Monthly Archives: November 2011

Der Weihetag

Deutschland war verschwunden. Zurückgelassen hatte es ein sehr großes, sehr weißes Stück Tuch. Darunter lag vielleicht das alte, bekannte Land mit seinen Wiesen und Häusern, seinen Gänsen und Menschen, seinen Sorgen und Nöten und Freuden, wer konnte es wissen. Man sah ja nur das große, weiße, sehr dicht gewebte Tuch den lieben langen Tag. Zöge man es weg, wäre vielleicht eine ganz andere Region zum Vorschein gekommen, ein Flecken, in dem der Honig fließt oder der Wermut und Worte die einzige feste Nahrung sind. Deutschland wäre endgültig Geschichte. Wer weiß das schon.

Der Nebel wollte sich also nicht teilen, die Sonne war ein Gerücht, als die Kälte in die Kleider kroch und eine wachsende Schar dem Glockenklang folgte. Man schrieb das Fest Elisabeths von Thüringen. Vierundzwanzig Lebensjahre hatten der ungarischen Königstochter genügt, um sich ewig ins Weltgedächtnis einzuschreiben. Etwas älter war der Mann, zu dessen Ehre sich die Schar versammelte. Aus ganz Bayern und darüber hinaus strömte sie ins winzige Bettbrunn, wo auf den Namen Salvator eine prächtige und prachtvoll heitere Barockkirche hört. „Gehet und berichtet, was ihr hört und seht“ steht unter dem Deckengemälde in jünglingszarter Schnörkelschrift. Und so taten sie es, und so wollen wir es tun.

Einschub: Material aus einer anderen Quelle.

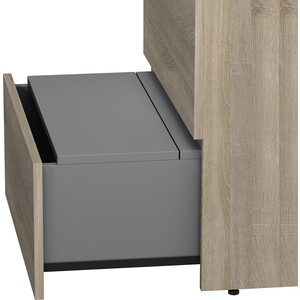 Тумба с раковиной Am.Pm Gem S 60 три ящика, светлый дуб (M91FSX0602OF, M90WCC0602WG)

Der junge Mann trug zu Beginn, beim Einzug, die Stola quer, wie es Diakonensitte ist, hielt ein Gewand und eine Kerze in Händen. Knapp drei Stunden später hatte der Kardinal ihm die Stola vor der Brust gekreuzt und das Gewand übergezogen. Er war nun und für immer Priester. Das einzige laut vernehmbare Wort des jungen Mannes war jenes, mit dem die Zeremonie endete: „Libenter“ – „Gern“. So lautete die Antwort auf des Kardinals allerletzte Ermahnung in einer langen Reihe von Ermahnungen: Er solle doch nach seiner ersten Messe deren drei weitere lesen und auch „bitten für mich“, „etiam pro me ora.“

So endete im direkten Austausch von Ich und Du, im Gebet des einen für den anderen, der ihn doch gerade erhoben hatte in den neuen Stand, eine sehr öffentliche Feier. Es war eine liturgische Reise von den Amplituden der Freude zu den Höhen des unwiderruflich Ernsten und rasch retour und wieder zurück. Auch der Alltag, für den die Feier wetterfest machen sollte, lag unter einem Tuche verborgen.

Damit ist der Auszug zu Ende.